Q. On what occasions was that personal influence exerted?

A. Particularly when reports were being made by the
Commanders after each action. There must have been very few
Commanders who did not make a personal and detailed report
to C.-in-C. U-boats after an action.

Q. Was it possible for written orders to be changed in the
course of verbal transmission, or even twisted round to mean
the opposite?

A. Such a possibility might have existed; but it never
actually happened.

Q. When they made these verbal reports, could the Commanders
risk expressing opinions which were not those of C.-in-C. U-

A . Absolutely.

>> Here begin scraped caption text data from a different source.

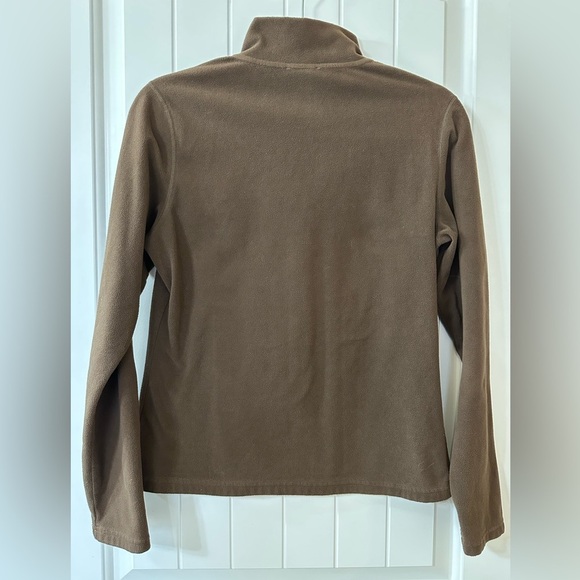 The North Face Women's Aljo Fleece Quarter Zip Pullover in Brown, Size Medium - Picture 7 of 8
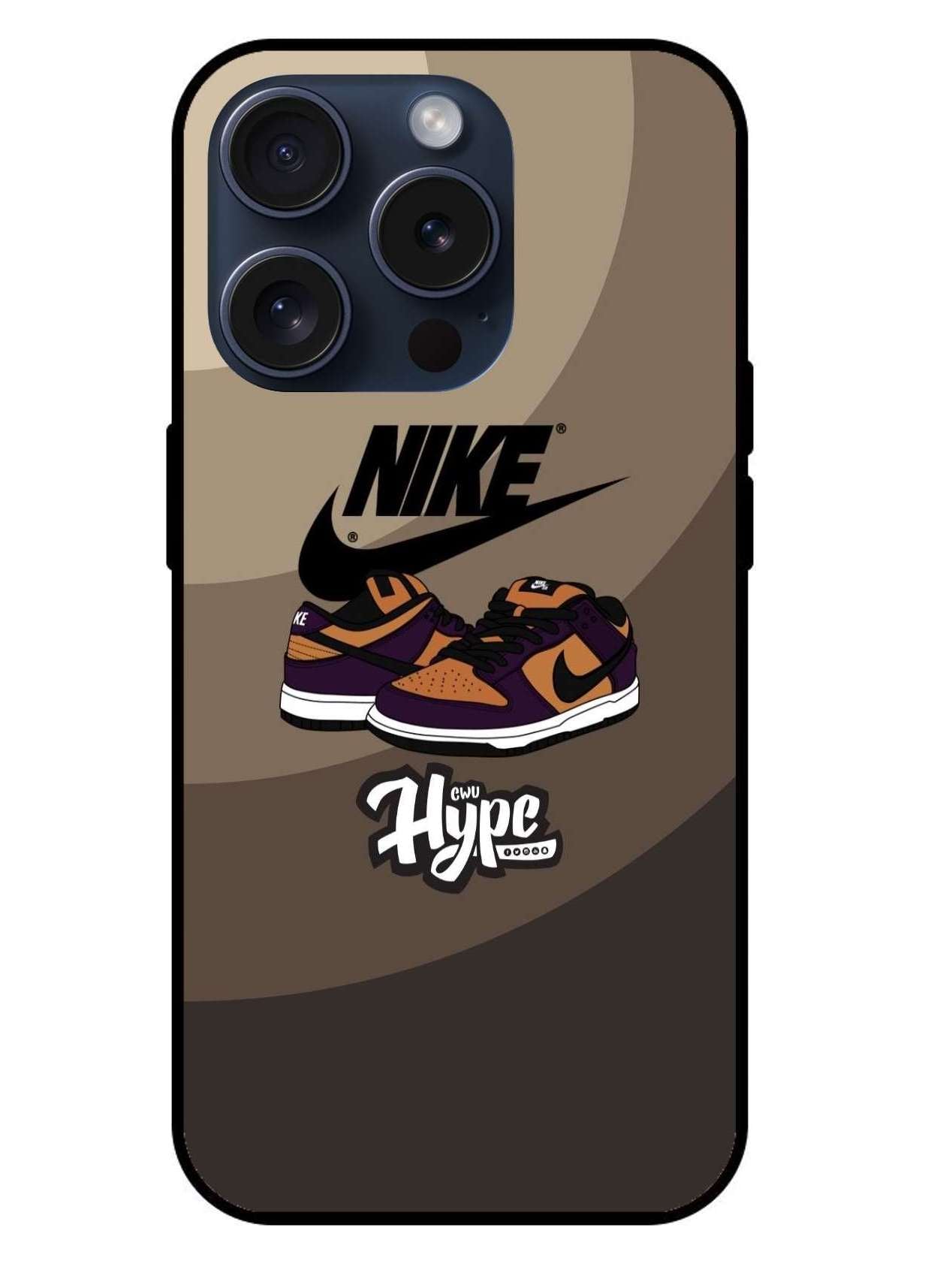 Nike Aesthetic Original Glass Glossy Finish Back Cover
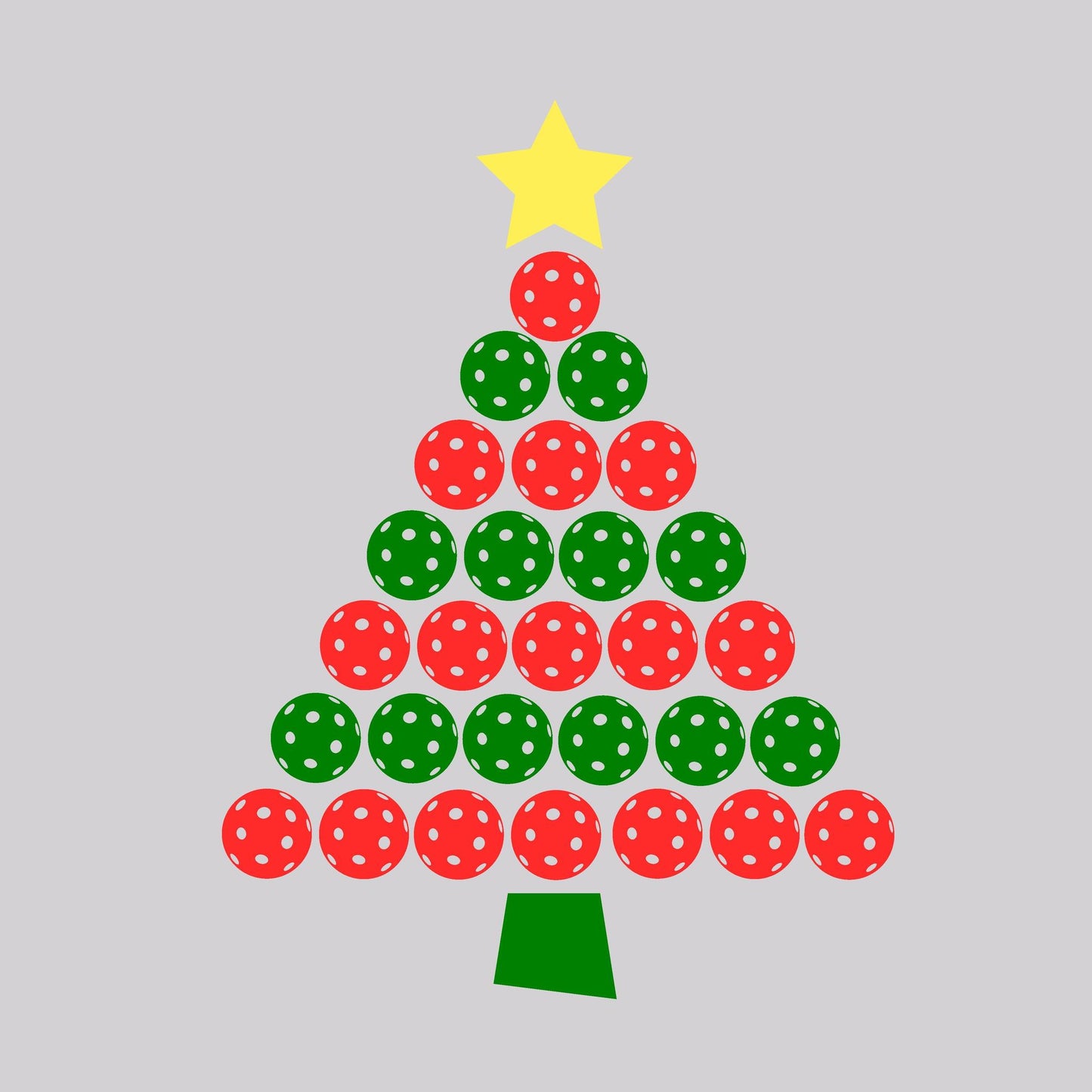 Christmas Tree | Clearance Women's Long Sleeve Scoop Neck Pickleball Performance T-Shirts | 75/13/12 poly/cotton/rayon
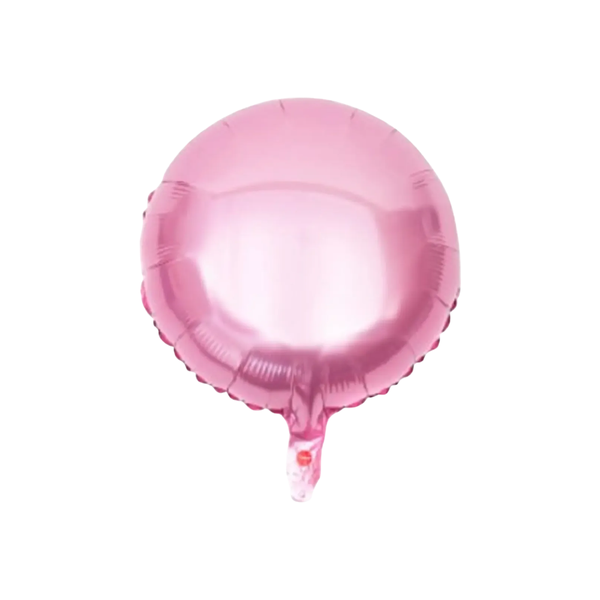 BALAO METAL. REDONDO ROSA BB 45CM DAFESTA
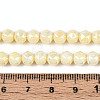 Anti-Tarnish Electroplate Glass Beads Strands X-GLAA-N010-6mm-01-3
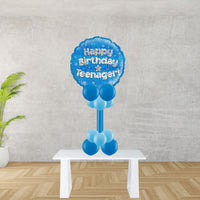 Teenager Blue Holographic Foil Balloon Display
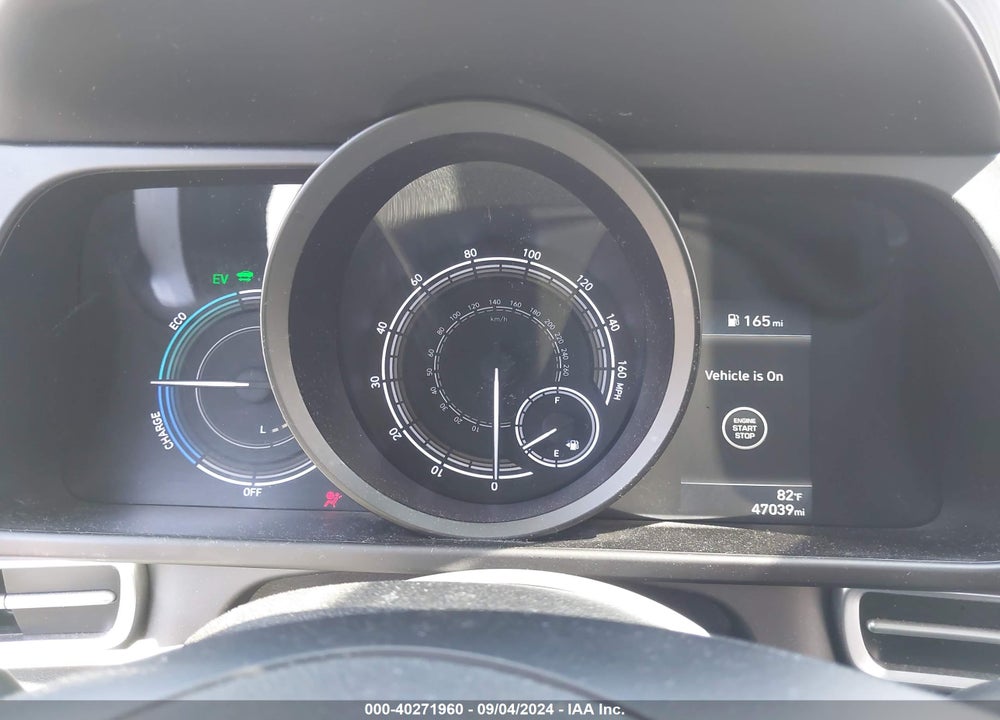 2021 HYUNDAI ELANTRA HYBRID BLUE VIN: KMHLM4AJ2MU008336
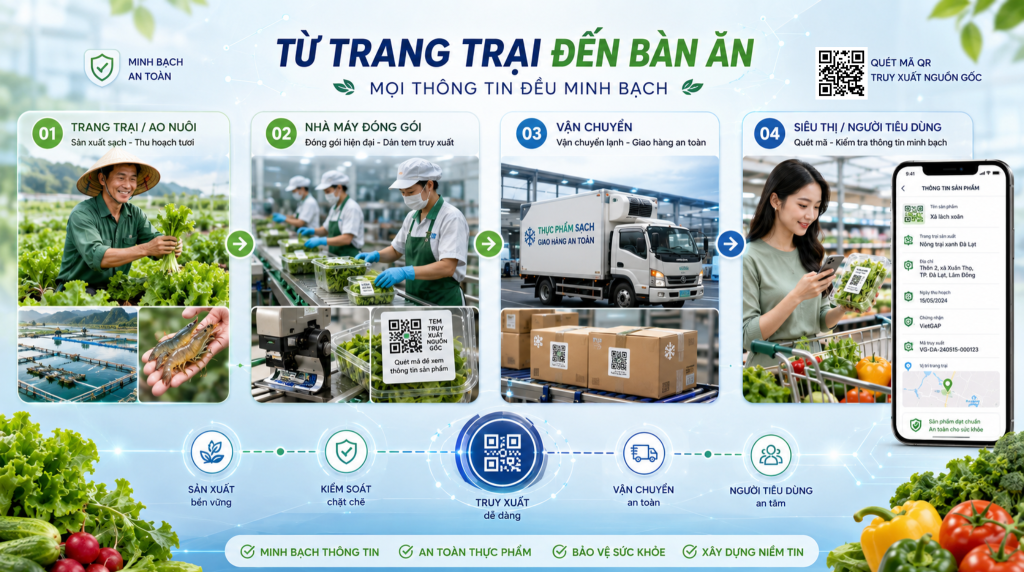 Truy xuất nguồn gốc thông minh cho nông sản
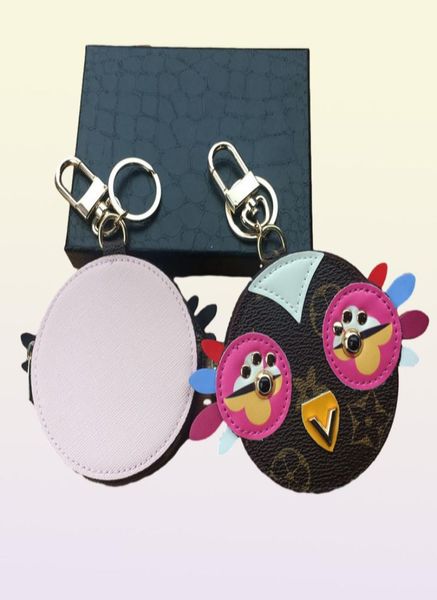 Houvoirs de chouette mignon Designer Animal Fur Chick Car Carveyring Chaîne charmes en cuir Cartes Courses Clés Hors Purse Pocket Pocket Pocket Penda7541569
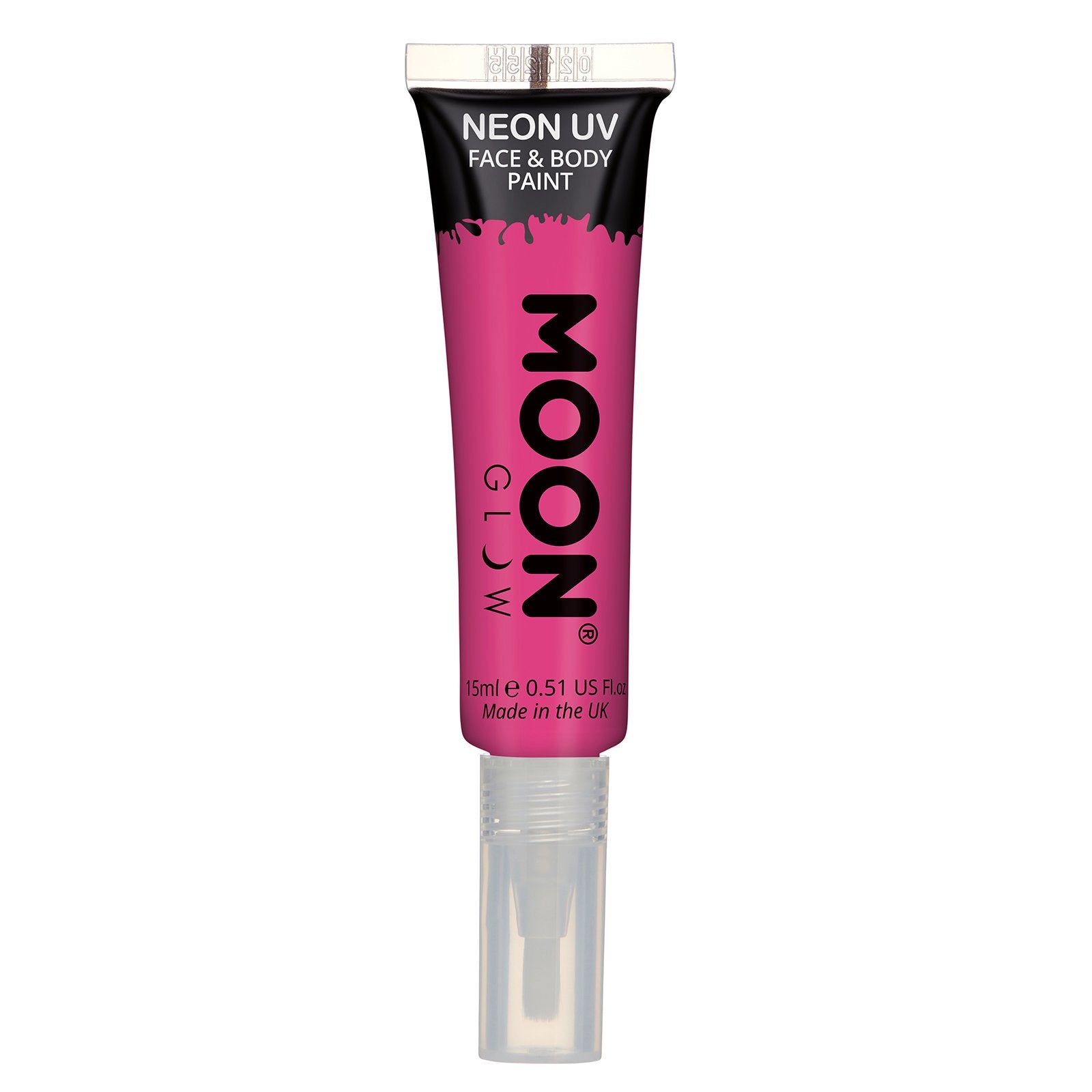 Neon UV Face & Body Paint w/Brush -Moon Glow Clamshell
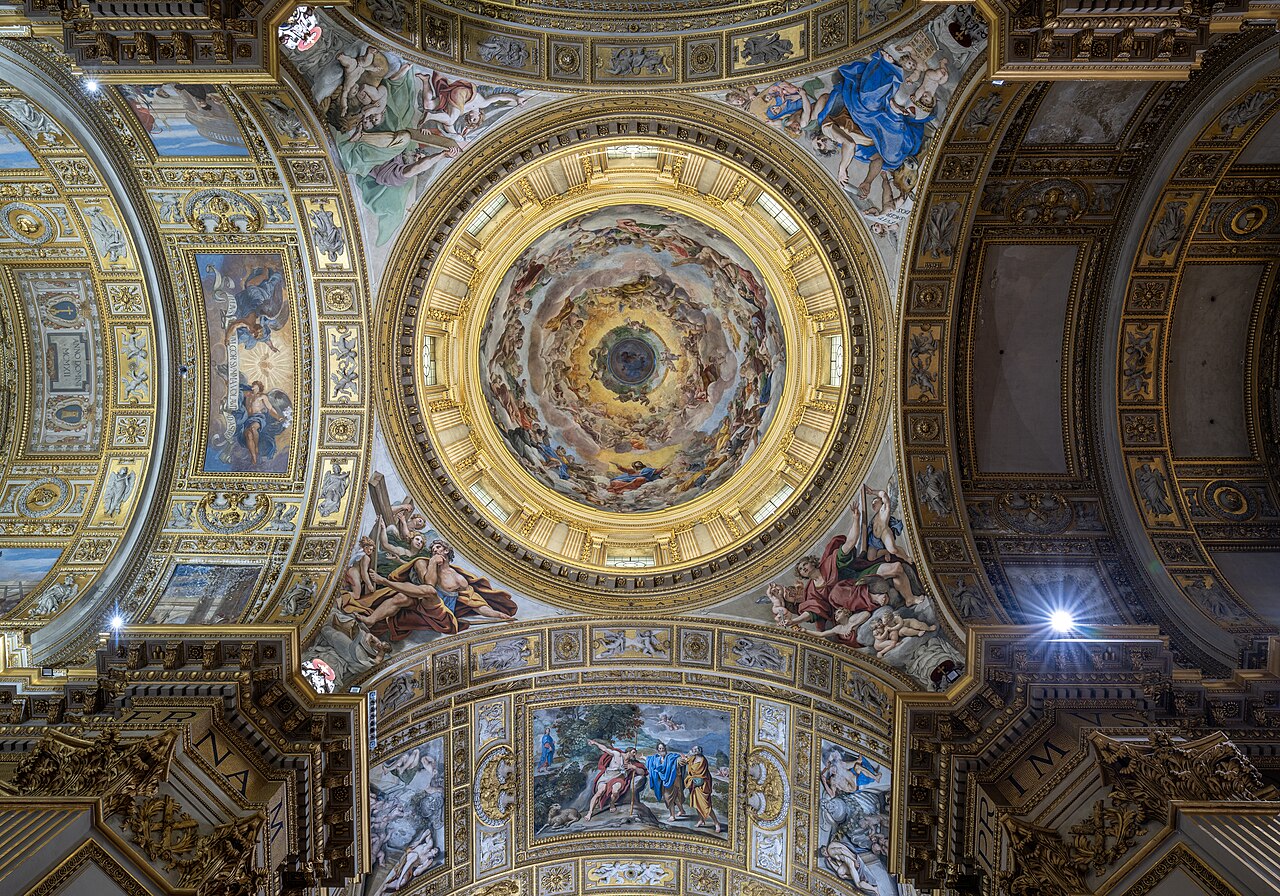 Frescoed Cupula of Sant'Andrea della Valle by Giovanni Lanfranco By Unknow author - Own work, CC BY 4.0, https://commons.wikimedia.org/w/index.php?curid=140418307
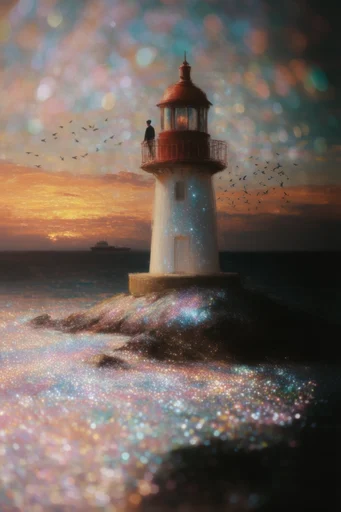 Celestial Prismatic Macro style reference image — ethereal cosmic glow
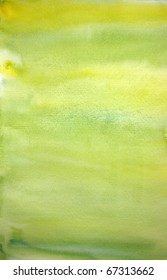 Watercolor lemon hand painted art background for scrapbooking, created by me - Shutterstock ID 67313662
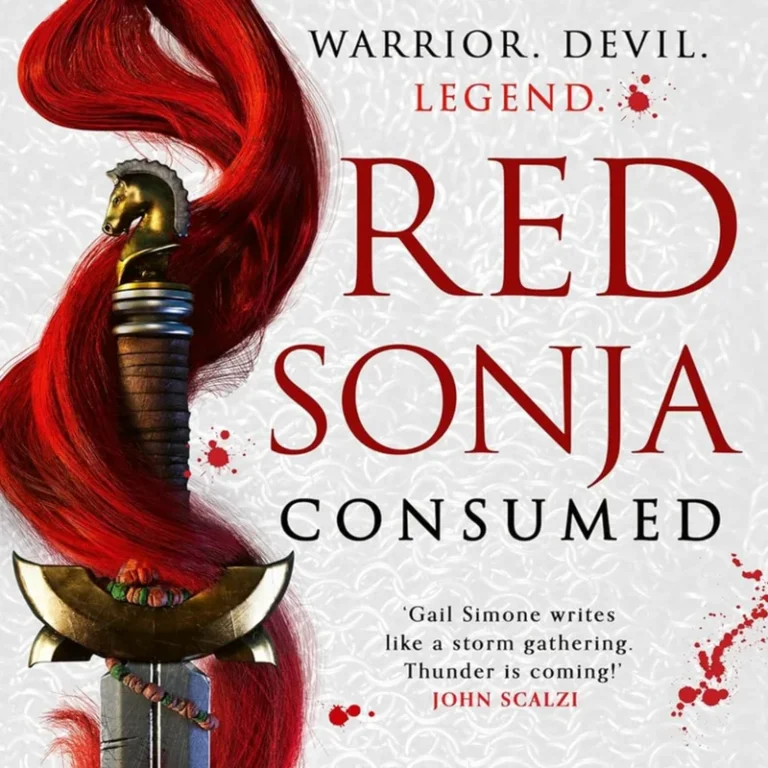 Red Sonja Consumed book cover thumbnail showing sword, red hair and title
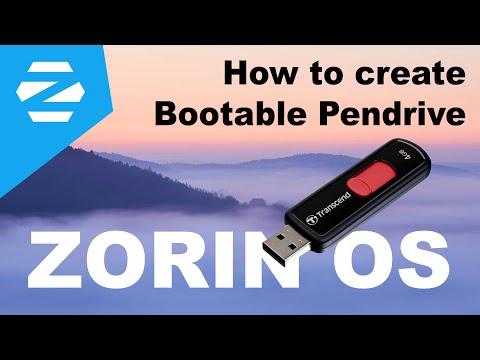 How to create bootable Pendrive for Zorin OS Installation Part I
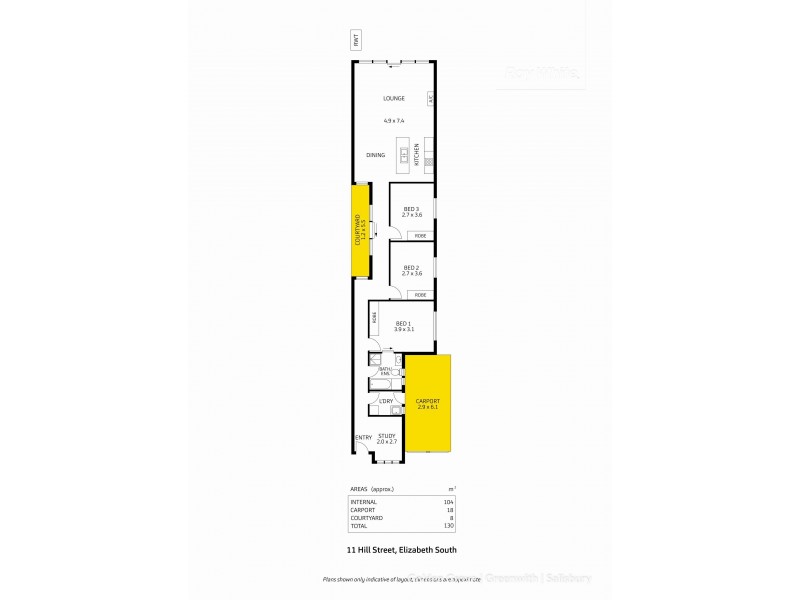 11c Hill Street, Elizabeth South SA 5112 Floorplan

C.-in-C. U-boats even asked his Commanders
in so many words to give him their personal opinions in
every case, so that he could maintain direct personal
contact with them and thus remain in close touch with events
on the front so that he could put matters right where

Q. Was this personal contact used for the verbal
transmission of distasteful orders?

A. No.

Q. The prosecution holds that an order - apparently a verbal
order - existed, prohibiting the entry in the log of
measures considered dubious or unjustifiable from the point
of view of International Law. Did such a general order

A. No; there was no general order. In certain individual
cases - I can remember two - an order was given to omit
certain matters from the log.

Q. Which cases do you remember?

A. The first was the Athenia case, and the second was the
sinking of a German boat which was coming from Japan through
the blockade, by a German submarine.

Q. Before I ask you to give me details of that, I should
like to know the reason for omitting such matters from the

A. It was done for reasons of secrecy. U-boat logs were seen
by a great many people, firstly, in the training stations of
the U-boat arm itself; and, secondly, in numerous offices of
the Supreme Command. Special attention had therefore to be
paid to secrecy.

Q. How many copies of each U-boat War Diary were made?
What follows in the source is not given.